[Image-text web data]
[Start of Attachment]
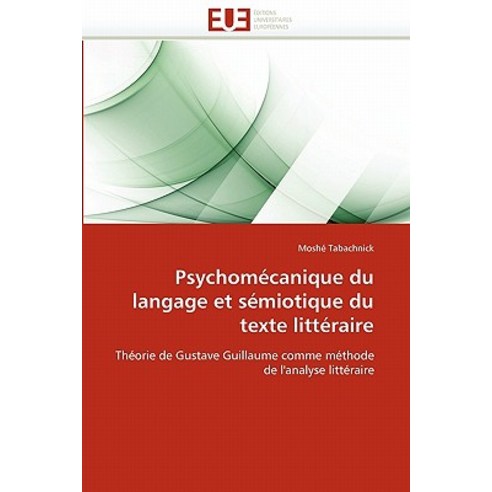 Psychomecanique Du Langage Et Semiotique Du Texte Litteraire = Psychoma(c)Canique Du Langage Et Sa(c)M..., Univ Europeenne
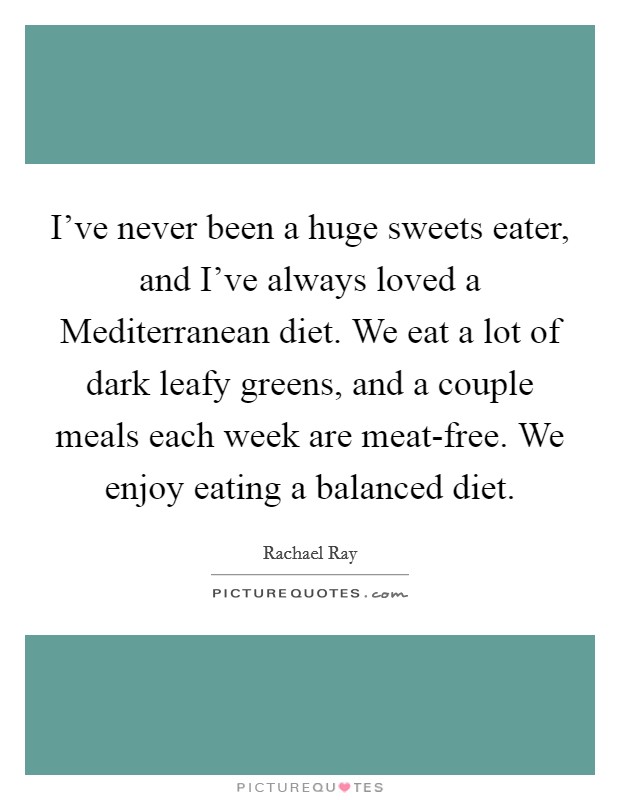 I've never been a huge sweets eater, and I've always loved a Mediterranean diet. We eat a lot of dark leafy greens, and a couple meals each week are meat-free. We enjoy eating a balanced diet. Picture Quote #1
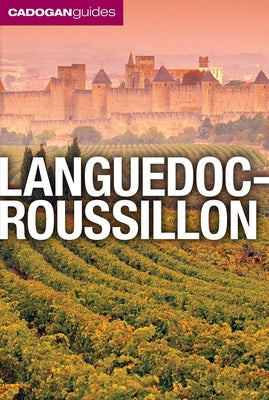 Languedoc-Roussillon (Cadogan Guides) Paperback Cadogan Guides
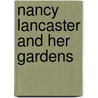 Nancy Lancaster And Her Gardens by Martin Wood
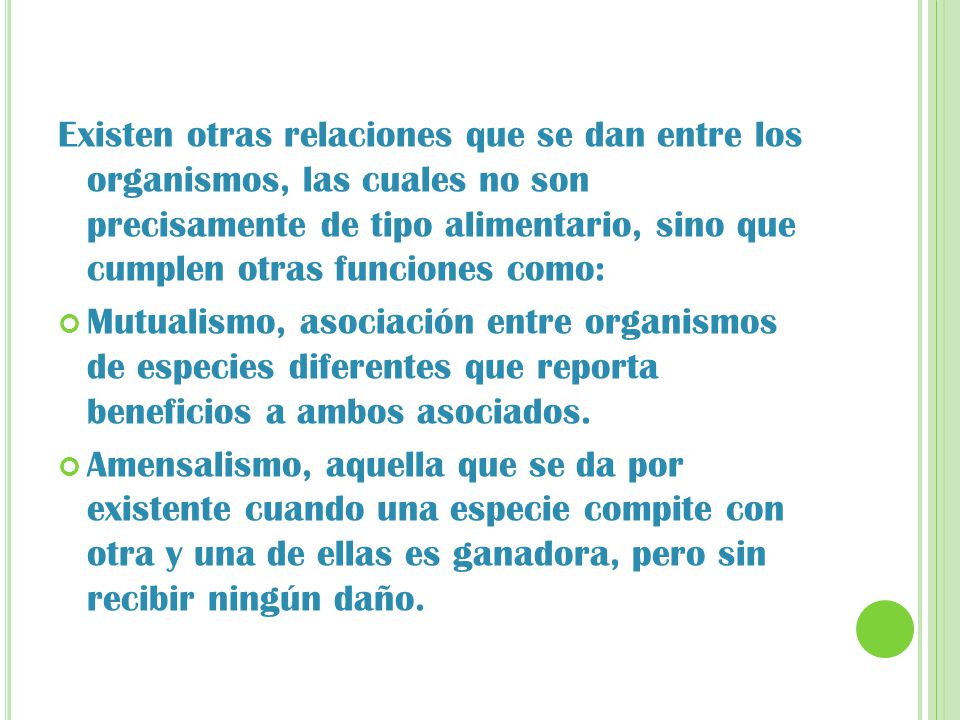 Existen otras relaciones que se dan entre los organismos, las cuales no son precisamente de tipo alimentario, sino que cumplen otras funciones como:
[End of Attachment]
* What is being asked:
Only the text of the records belongs in your answer, repeated exactly; the pictures stay out.

* Exercise answer:
 Psychomecanique Du Langage Et Semiotique Du Texte Litteraire = Psychoma(c)Canique Du Langage Et Sa(c)M..., Univ Europeenne
 I've never been a huge sweets eater, and I've always loved a Mediterranean diet. We eat a lot of dark leafy greens, and a couple meals each week are meat-free. We enjoy eating a balanced diet. Picture Quote #1
 Languedoc-Roussillon (Cadogan Guides) Paperback Cadogan Guides
 Nancy Lancaster And Her Gardens by Martin Wood
 Existen otras relaciones que se dan entre los organismos, las cuales no son precisamente de tipo alimentario, sino que cumplen otras funciones como:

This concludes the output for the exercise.